*** Begin section ***

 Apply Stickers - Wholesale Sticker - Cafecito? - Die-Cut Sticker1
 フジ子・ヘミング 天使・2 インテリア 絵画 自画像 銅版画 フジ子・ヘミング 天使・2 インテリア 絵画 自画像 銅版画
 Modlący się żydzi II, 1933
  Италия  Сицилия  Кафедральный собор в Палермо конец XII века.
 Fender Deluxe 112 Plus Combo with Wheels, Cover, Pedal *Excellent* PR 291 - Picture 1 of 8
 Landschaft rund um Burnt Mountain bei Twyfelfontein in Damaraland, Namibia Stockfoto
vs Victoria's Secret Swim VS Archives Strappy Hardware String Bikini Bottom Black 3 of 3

*** End section ***
*** Begin section ***

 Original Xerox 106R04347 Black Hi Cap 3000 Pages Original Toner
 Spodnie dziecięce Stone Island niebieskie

*** End section ***

◆ Exercise instructions:
From the data above, output exactly the lines between the one containing "Apply Stickers - Wholesale" and the one containing "Fender Deluxe 112", counting both of them.

◆ Solution to this task:
 Apply Stickers - Wholesale Sticker - Cafecito? - Die-Cut Sticker1
 フジ子・ヘミング 天使・2 インテリア 絵画 自画像 銅版画 フジ子・ヘミング 天使・2 インテリア 絵画 自画像 銅版画
 Modlący się żydzi II, 1933
  Италия  Сицилия  Кафедральный собор в Палермо конец XII века.
 Fender Deluxe 112 Plus Combo with Wheels, Cover, Pedal *Excellent* PR 291 - Picture 1 of 8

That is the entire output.